When selecting and installing an LPDA, polarization is a primary design consideration. You must first determine the polarization of the signals you intend to receive. For example, in the United States, digital TV broadcasts (ATSC) are primarily horizontally polarized, so an LPDA should be mounted with its boom horizontal. In contrast, many two-way radio services use vertical polarization, requiring a vertical boom mount. The mounting structure itself must be sturdy enough to maintain this orientation against wind and weather; a mast that twists over time will slowly change the antenna’s polarization, degrading performance. Furthermore, the physical length of an LPDA is proportional to its bandwidth and gain. A typical LPDA for TV reception might have a boom length of 1 to 2 meters with 10-20 elements, providing a gain of 6 to 10 dBi. The following table contrasts key parameters of a standard linearly polarized LPDA with a theoretical crossed LPDA for circular polarization.
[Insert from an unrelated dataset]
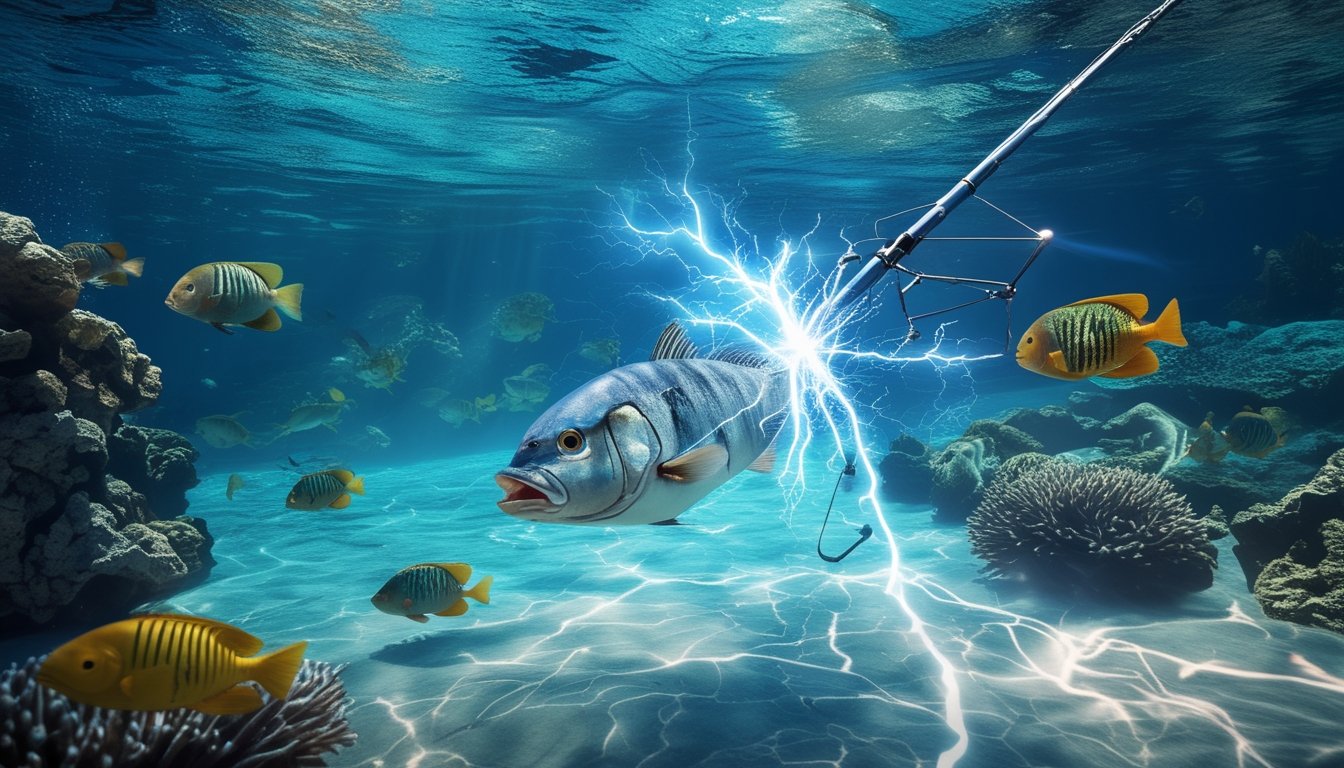 Adegan bawah air memperlihatkan teknik memancing dengan kekuatan petir menangkap ikan bernilai tinggi di dekat terumbu karang.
| Parameter | Standard Linear LPDA | Crossed LPDA (for CP) |
|---|---|---|
| Polarization | Linear (H or V) | Left-Hand or Right-Hand Circular |
| Typical Gain | 6 – 12 dBi | 3 – 9 dBic (Gain relative to isotropic circular) |
| Complexity | Moderate (Single feed line) | |
| Cost | Relatively Low | Significantly Higher |
| Ideal Application | Fixed terrestrial links | Satellite comms, mobile platforms |
In real-world environments, pure polarization is often muddled. Signals bounce off buildings, hills, and other objects, which can scatter the radio wave and change its polarization state. This phenomenon, called depolarization, means that a signal arriving at your antenna may have components of both horizontal and vertical polarization, even if it was transmitted with only one. This is one reason why a perfectly cross-polarized signal isn’t always completely nulled. An LPDA’s ability to maintain a consistent polarization pattern across its bandwidth helps in rejecting unwanted multipath signals that have undergone significant polarization change, thereby improving signal clarity. This is particularly valuable in urban canyons or hilly terrain where signal reflection is prevalent.
Ultimately, the standard log periodic dipole array is a masterpiece of predictable, linear performance. Its polarization is not an afterthought but a fundamental feature dictated by its mechanical design. This predictability is what makes it a workhorse for so many communication systems. Whether it’s perched on a rooftop pulling in crisp HDTV signals or mounted on a tower for spectrum monitoring, its linear polarization is a key factor in its reliable operation. Understanding this characteristic is the first step in deploying the antenna effectively to ensure strong, clear signal reception.